Opinión editorial del Alto Comisionado de las Naciones Unidas para los Refugiados – 70º Aniversario
Por Filippo Grandi
El 14 de diciembre la Oficina del Alto Comisionado de las Naciones Unidas para los refugiados cumple 70 años. Tratándose de una organización que debió haber dejado de existir después de tres años, esta es una incómoda efeméride que no nos entusiasma celebrar.
Tras la Segunda Guerra Mundial, un mundo en ruinas empezaba su reconstrucción y el ACNUR recibió el mandato de encontrar hogares para las personas refugiadas procedentes de Europa. En el momento de su creación, el 14 de diciembre de 1950, su mandato estaba limitado en el tiempo, contenido desde un punto de vista geográfico y era explícitamente apolítico, como si su mera existencia fuera un recordatorio de miserias que más valdría barrer junto con los escombros.

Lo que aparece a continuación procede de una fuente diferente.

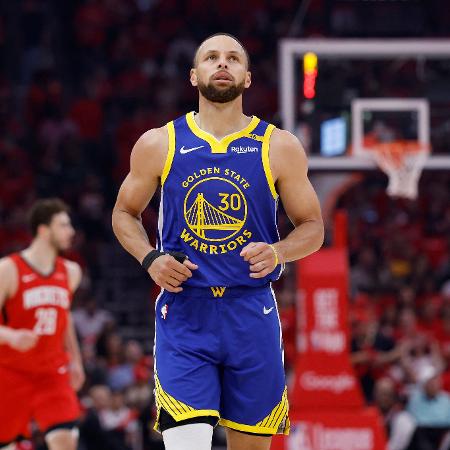 Stephen Curry, dos Warriors, no jogo contra os Rockets, pelos Playoffs da NBA - Tim Warner/AFP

Pero el cambiante orden internacional trajo consigo nuevos conflictos y más refugiados: del levantamiento de Hungría en1956, la guerra de independencia de Argelia un año después y de luchas por la liberación que acompañó la era postcolonial. Año tras año, continente a continente, se convocaba la ayuda del ACNUR ante el creciente número
de personas forzadas a huir.
El año pasado se cumplieron cuatro décadas de desplazamiento desde Afganistán. El año que viene hará una década desde que comenzó el conflicto en curso en Siria. Y así, toda una serie de aniversarios no deseados, de nuevos conflictos que surgen o reaparecen cuando los efectos de los anteriores todavía no se han desvanecido. El
mundo que juró emprender una era de paz ha demostrado que se le da muy bien entrar en conflictos, pero no tan bien resolverlos.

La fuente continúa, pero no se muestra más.